El jueves pasado, el presidente Javier Milei brindó una cadena nacional en la que reivindicó las Islas Malvinas como parte del territorio argentino y anunció la construcción de una base naval en Tierra del Fuego. En respuesta, el parlamentario del Mercosur Alejandro Deanes declaró que Tierra del Fuego «no puede ser moneda de cambio» y cuestionó el uso del reclamo por Malvinas para justificar acuerdos militares con potencias extranjeras.
Según la Agencia Noticias Argentinas (NA), Deanes reconoció la necesidad de contar con una base naval «grande, moderna y 100% argentina», pero exigió transparencia sobre el gasto público y los condicionamientos geopolíticos del Gobierno Nacional.
Deanes señaló que «Malvinas no es un discurso ni una herramienta política; es parte de nuestra historia, de nuestra identidad y de nuestra provincia». Asimismo, recordó que el proyecto original de la base naval, iniciado durante la gestión anterior, fue concebido como un desarrollo exclusivamente soberano y nacional para potenciar la presencia argentina en la Antártida y el Atlántico Sur.
El parlamentario declaró que «hasta 2023 era una base argentina. Luego de la visita de la general estadounidense Laura Richardson en abril de 2024, comenzó a instalarse la idea de un desarrollo conjunto». En ese contexto, advirtió sobre las consecuencias de la participación extranjera en una región estratégica: «Nadie invierte recursos, instala tecnología y despliega capacidades en una zona tan estratégica para después decir ‘gracias’ e irse. En geopolítica, las decisiones estratégicas nunca son gratis», explicó.
En su cadena nacional, Milei ratificó que «las Malvinas son argentinas» y defendió el reclamo soberano como política de Estado. «Desplegaremos todas las herramientas del Estado, diplomáticas, económicas, judiciales y legales para disuadir a los actores estatales y no estatales que violenten la soberanía», adelantó.

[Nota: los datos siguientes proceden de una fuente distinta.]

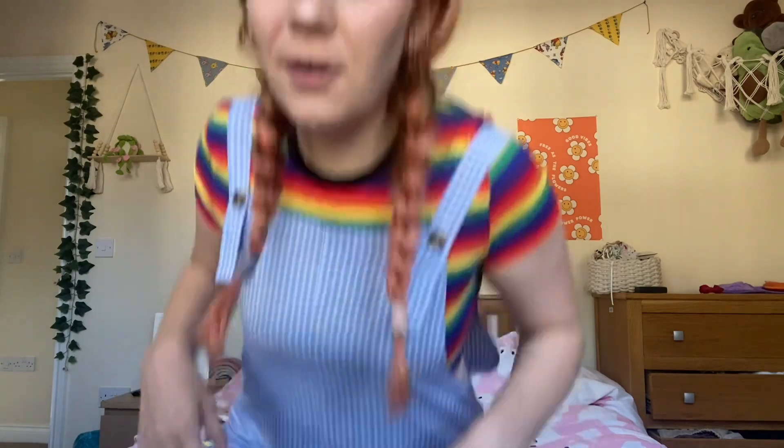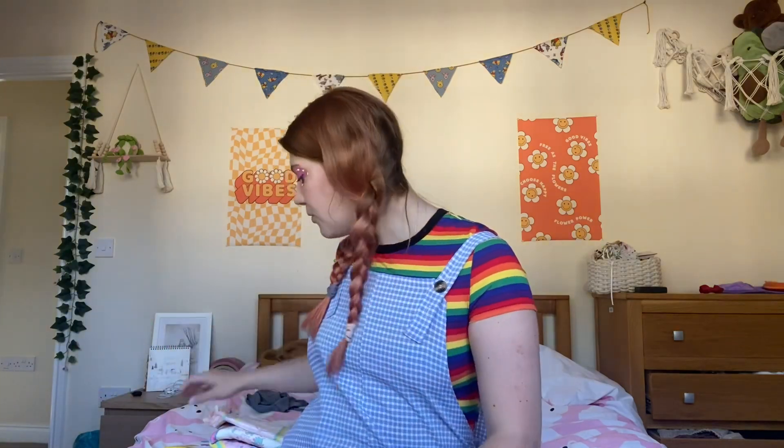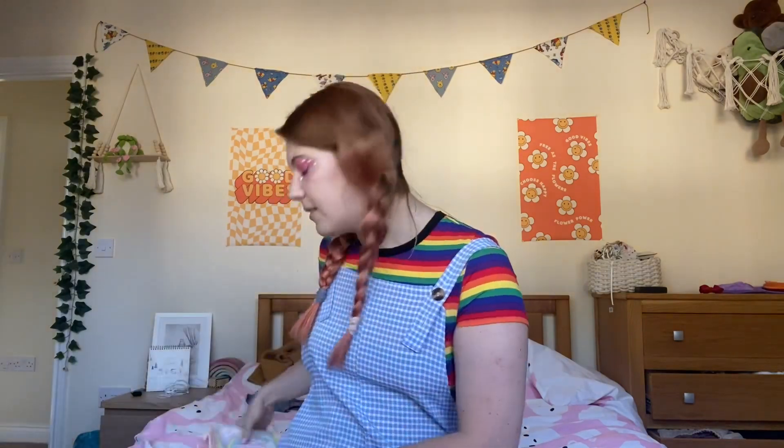I don't wear them out in public because I just don't feel comfortable with how they feel on my legs. But they are quite discreet — with big dungarees on you can't really tell unless you're really looking. It's up to you whether you want to wear them out. The colours on the Lego ones are darker so they might be more visible than the lighter colours on the unicorn ones.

También anunció el endurecimiento de sanciones contra compañías que operen en Malvinas sin autorización argentina.
El mandatario advirtió que Cancillería «ya ha enviado cerca de 180 notas de desaliento a empresas y a más de 29 países involucrados en distintos proyectos en nuestras islas». Finalmente, anunció que el Gobierno destinará mayores recursos al Ministerio de Defensa para avanzar con la construcción de una base naval en Tierra del Fuego.